O Benfica rapidamente chegou ao 0-2 e em vez de ir à procura de fazer ‘mais sangue’ no adversário, acomodou-se, deixou de ser intenso, mostrou-se relapso em muitas saídas de bola (já iremos a esse departamento), e permitiu à equipa da Reboleira não só que evitasse o KO iminente, como ainda se reorganizasse tática e mentalmente.

O Estrela, que se apresentou em 3x4x3 e assim se manteve durante quase toda a partida (apenas nos minutos finais o gigante Dramé foi para ponta-de-lança à procura do jogo aéreo), começou a sentir-se menos desconfortável, Amin e Keliano passaram a ter mais bola, enquanto que Bucca os ajudava em zonas interiores e Rodrigo Pinho mostrava que mantém atributos técnicos diferenciados no pé esquerdo.

Pensava o Benfica que tinha o jogo controlado quando Travassos, produto de raiz de Alcochete, emprestado pelo Sporting, aos 28 minutos, aproveitou um deficiente trabalho de marcação de Akturkoglou e aplicou uma meia-distância que, depois de a bola desviar em Otamendi, bateu Trubin.

O Benfica decidiu então regressar ao jogo e seis minutos depois Pavlidis, com um remate indefensável à entrada da área (depois de trabalho inteligente de Otamendi que, deslocado, se alheou ostensivamente da jogada), fez o 1-3 e só não foi para intervalo com 1-4 porque Akturkoglou falhou um ‘chapéu’ fácil, após oferta de Ferro.  

MÁ SEGUNDA PARTE

Dificilmente a metade complementar podia ter começado pior para o Benfica, que pagou com língua de palmo um dos maiores defeitos do seu futebol: a equipa é francamente medíocre nas saídas de bola a partir do guarda-redes, que demasiadas vezes redundam em lances de perigo do adversário.

Desta vez, um passe frontal de Trubin apanhou Dramé a ganhar o lance a Pavlidis, e Banza a aproveitar para reduzir para 2-3. O nervoso miudinho regressou às hostes da Luz, os fantasmas do passado recente acordaram, e enquanto Kokçu e Akturkoglou se iam apagando, Di María dava sinais de pouca frescura e até Aursnes acertava pelo diapasão de Tomás Araújo e António Silva nos passes falhados, Bruno Lage demorou uma eternidade a mexer na equipa, ao contrário de José Faria que, com menos munição no banco, foi refrescando o onze à procura de fazer história.

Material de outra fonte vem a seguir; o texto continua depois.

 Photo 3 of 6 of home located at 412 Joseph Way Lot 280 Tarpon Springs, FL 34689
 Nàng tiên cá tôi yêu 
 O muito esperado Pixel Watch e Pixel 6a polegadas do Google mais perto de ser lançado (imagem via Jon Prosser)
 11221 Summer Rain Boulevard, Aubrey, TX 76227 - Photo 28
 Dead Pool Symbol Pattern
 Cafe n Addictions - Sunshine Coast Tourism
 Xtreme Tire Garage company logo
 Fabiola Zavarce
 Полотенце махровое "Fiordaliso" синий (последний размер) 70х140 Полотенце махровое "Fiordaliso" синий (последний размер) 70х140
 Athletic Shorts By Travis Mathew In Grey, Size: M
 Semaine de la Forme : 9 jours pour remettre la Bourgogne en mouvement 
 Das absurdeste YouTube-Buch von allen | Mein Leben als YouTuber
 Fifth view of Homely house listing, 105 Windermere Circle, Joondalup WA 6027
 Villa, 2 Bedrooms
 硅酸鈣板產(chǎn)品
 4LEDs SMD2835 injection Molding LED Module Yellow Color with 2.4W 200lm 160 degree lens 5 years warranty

Ia valendo ao Benfica o acerto de Manu e a fiabilidade de Otamendi, o que não era garantia suficiente para quem queria sair da Reboleira com os três pontos. Só aos 68 minutos, quando entraram Schjelderup e sobretudo Leandro Barreiro (intenso, afoito e atrevido, a apontar o caminho aos companheiros), o Benfica recuperou o controlo das operações. Onze minutos depois, foi a vez de Amdouni e Arthur Cabral entrarem em campo, numa altura em que o jogo já se estava a partir.

E foi Arthur Cabral, que inventou o lance que Dramé cortou com a mão, aos 85 minutos, que valeu castigo máximo para os encarnados, que o próprio avançado brasileiro se encarregou de falhar, rematando denunciado para defesa de Gudzulic.

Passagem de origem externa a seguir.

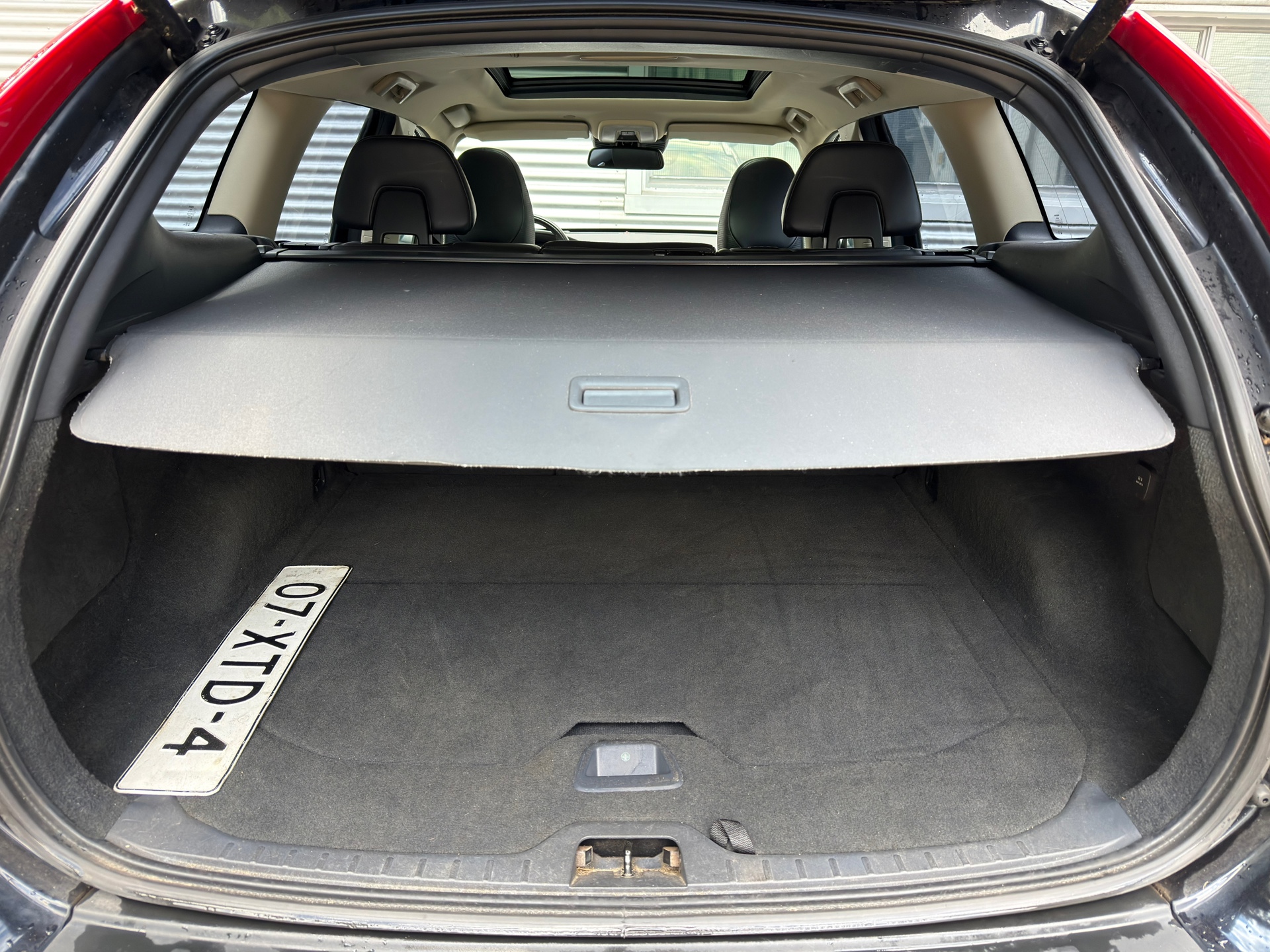 Foto van Volvo Xc60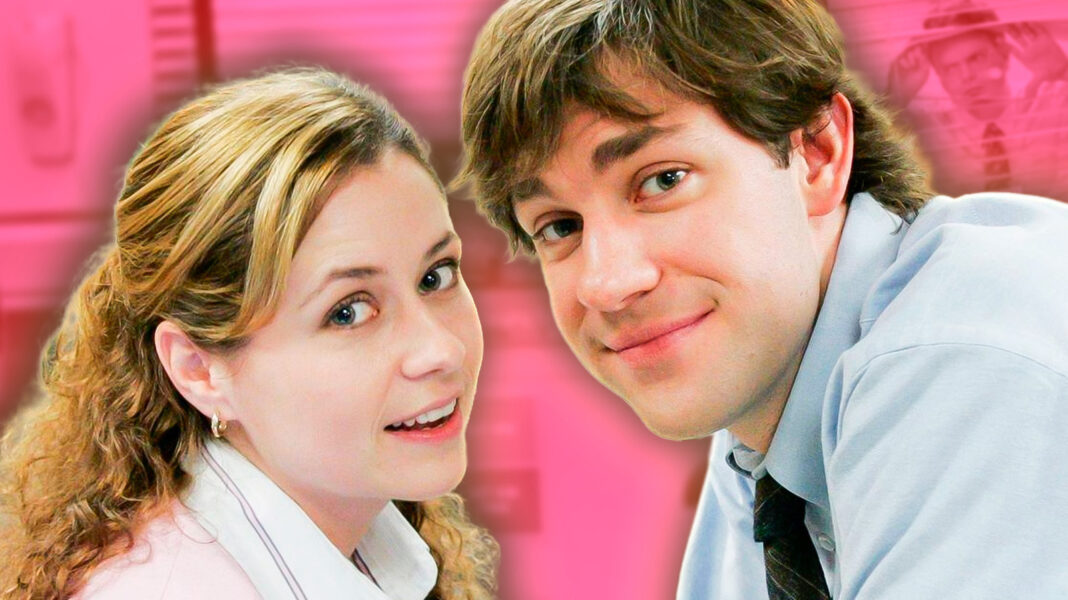 5 Best Jim And Pam Episodes Of The Office, Ranked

O Benfica, que pensou que ia finalmente sossegar, continuou de coração nas mãos, sujeito aos ditames da sorte, no futebol direto escolhido pelo Estrela para tentar chegar ao empate. E aquilo que tinha condições para ser um jogo fácil, acabou como uma dor de cabeça, e um suspiro de alívio final, para os adeptos encarnados. Eriksson dizia muitas vezes aos seus jogadores que não havia jogos fáceis, havia, isso sim, jogos que se tornavam fáceis.

Mas tornar jogos fáceis não consta, pelos vistos do ADN desta equipa do Benfica.